The order may be made notwithstanding that the person suffering from an infectious disease may have been removed from the house, and the order must be made either for a specified time or subject to the condition that the house or part thereof liable to be infected shall be disinfected to the satisfaction of the Medical Officer of Health, or that other reasonable precautions shall be adopted (Section 110).

In any case of urgency the powers conferred on the District Council by this provision may be exercised by any two or more members of the Council acting on the advice of the Medical Officer of Health.

Domestic Factories and Workshops.-The rest of Part VI. deals with the application to these workplaces of the general provisions of the Act as to hours of employment, intervals for meals, etc., and with dangerous processes and definitions of terms, and has already been included in the treatment of these subjects in preceding pages.

CHAPTER XIV

SPECIAL MODIFICATIONS, ETC. OF THE FACTORY ACT

SECTIONS 87 to 106 of the Factory and Workshop Act, 1901, deal in detail with the exceptional position of (1) tenement factories, (2) cotton cloth and other humid factories, (3) bakehouses, (4) laundries, (5) docks, (6) buildings in course of construction, and (7) railways. In 1907 there was further legislation as to laundries, and in 1911 as to cotton cloth factories.
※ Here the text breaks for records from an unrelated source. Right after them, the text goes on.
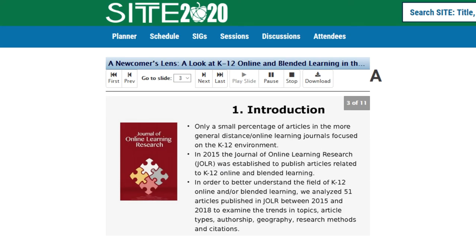In 2011, Dr. Richard West from Brigham Young University introduced a new series called the Journal Analysis Series, which was published in the magazine Educational Technology. At the time, Dr. West wrote that, to better understand the field of educational technology, it was helpful to review some of the journals that publish work in this area to see what conversations are being held, research being conducted, tools being developed, and theories being accepted.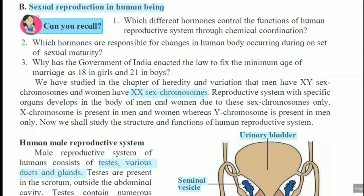Hello students, myself Rashmi Yande, your science teacher. Our third lesson, that is Life Processes in Living Organisms Part 2, is going on.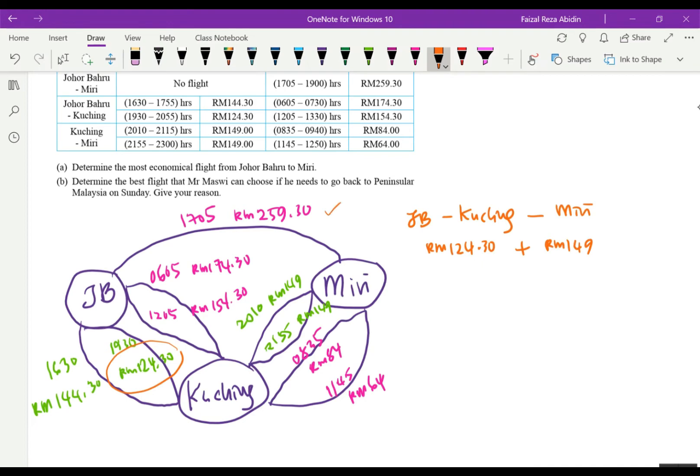So let's look at Saturday. On Saturday, the cheapest Kuching to Miri flight is RM64 at 1145. However, you cannot take the 1205 JB to Kuching flight because you would arrive at Kuching at 1330, and you would miss the RM64 flight.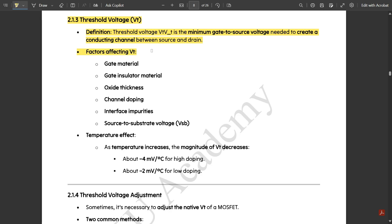There are some factors which affect the threshold voltage — specifically, factors affecting the formation of threshold voltage in the gate-to-source terminals with respect to channel conduction. These six factors are: gate material, gate insulator material, oxide thickness, channel doping, interface impurities, and source-to-substrate voltage (VSB). These six factors affect the threshold voltage with respect to the materials provided in the transistor.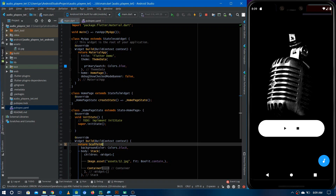Hi friends, I'm Adapta from Easy Approach, and in this video we are going to make our own audio player using Flutter. First of all, let's see what dependencies we need to add in order to make this.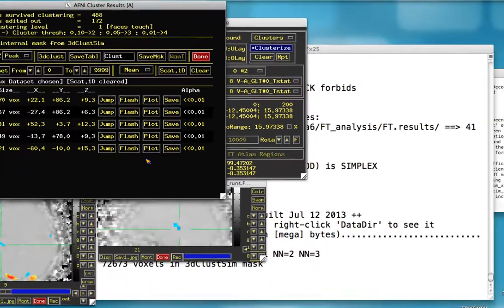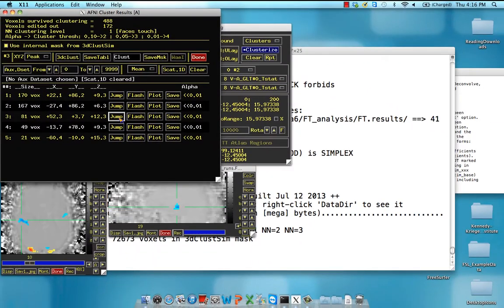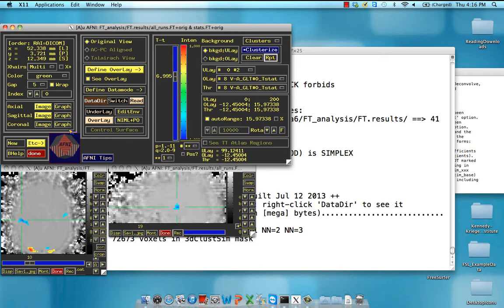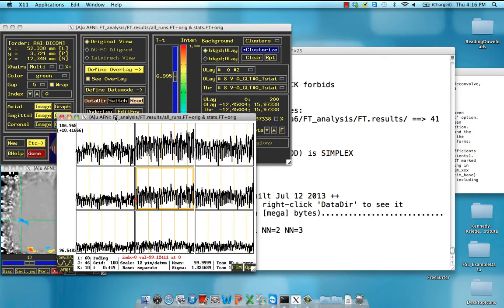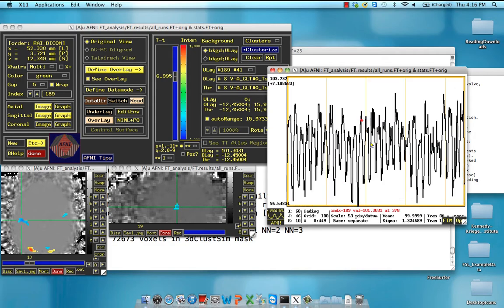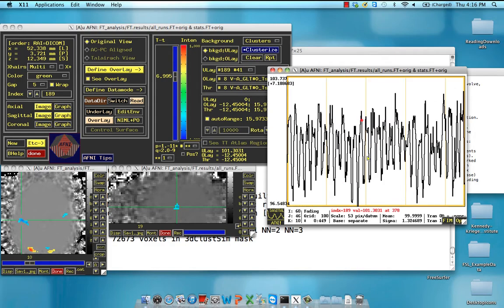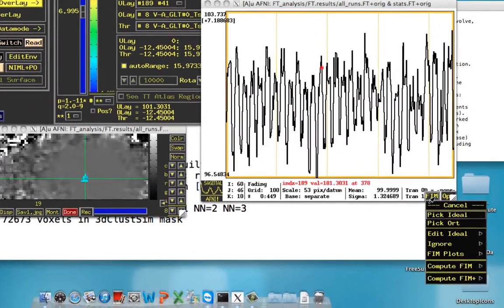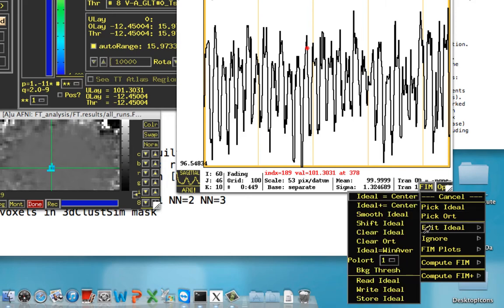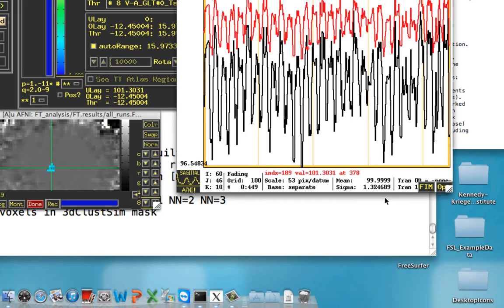So here's the cluster I'm going to be working with, this one right here. And we are going to use the time series of this voxel, the peak of this cluster. And we are going to click on this FIM right here, and we're going to say that our ideal, or our seed time course, is going to be the time course of this voxel. So click on Edit Ideal, and click on Ideal equals Center. Just copy and paste that right above there.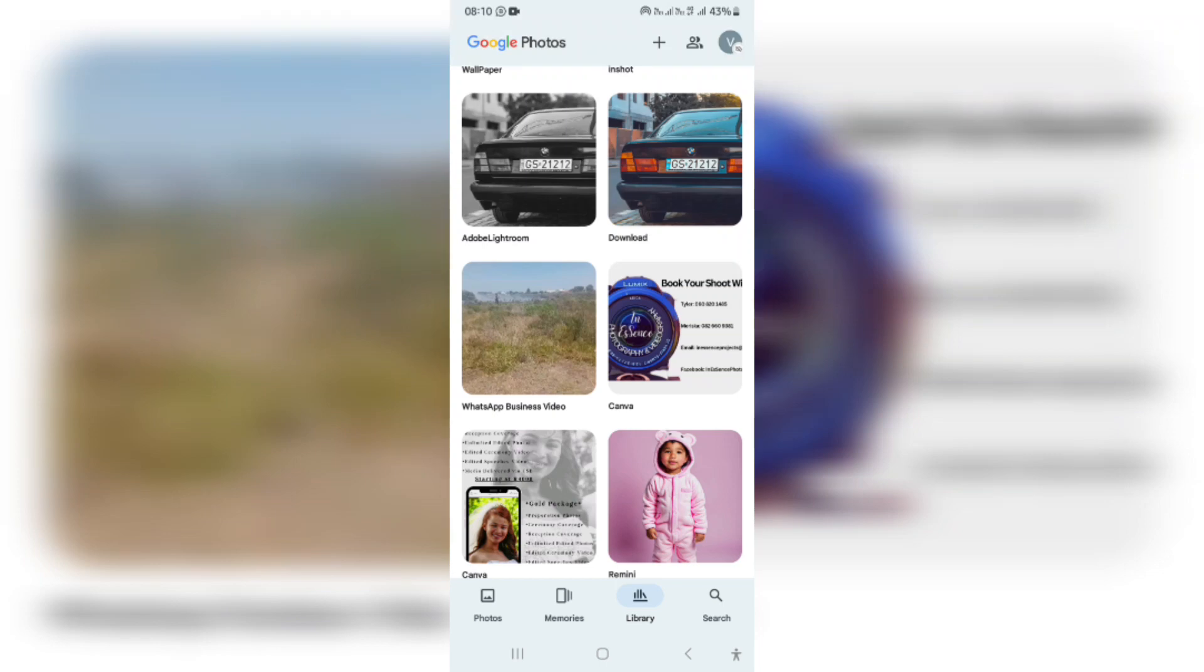If you're looking to recover permanently deleted photos from your Google Photos account, I'm going to show you three ways you can do so. Let's jump in.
In this chapter we shall also state the effect of the Notice of Accidents Act, 1894, so far as later legislation has left it in force. That Act now only applies to (a) the construction, use, working, or repair of any railway, tramroad, tramway, canal, bridge, tunnel, or other work authorised by any local or personal Act of Parliament, and (b) the use or working of any traction engine or other engine or machine worked by steam in the open air.

TENEMENT FACTORIES

Duties of Owner.-Section 87 of the Act of 1901 is as follows:

(1) The owner (whether or not he is one of the occupiers) of a tenement factory shall, instead of the occupier, be liable for the observance, and punishable for non-observance, of the following provisions of this Act, namely, the provisions with respect to

(i.) The cleanliness, freedom from effluvia, overcrowding and ventilation of factories, contained in Section 1 of the

Act, including, so far as they relate to any engine-house, passage, or staircase, or to any room which is let to more than one tenant, the provisions with respect to limewashing and washing of the interior of a factory.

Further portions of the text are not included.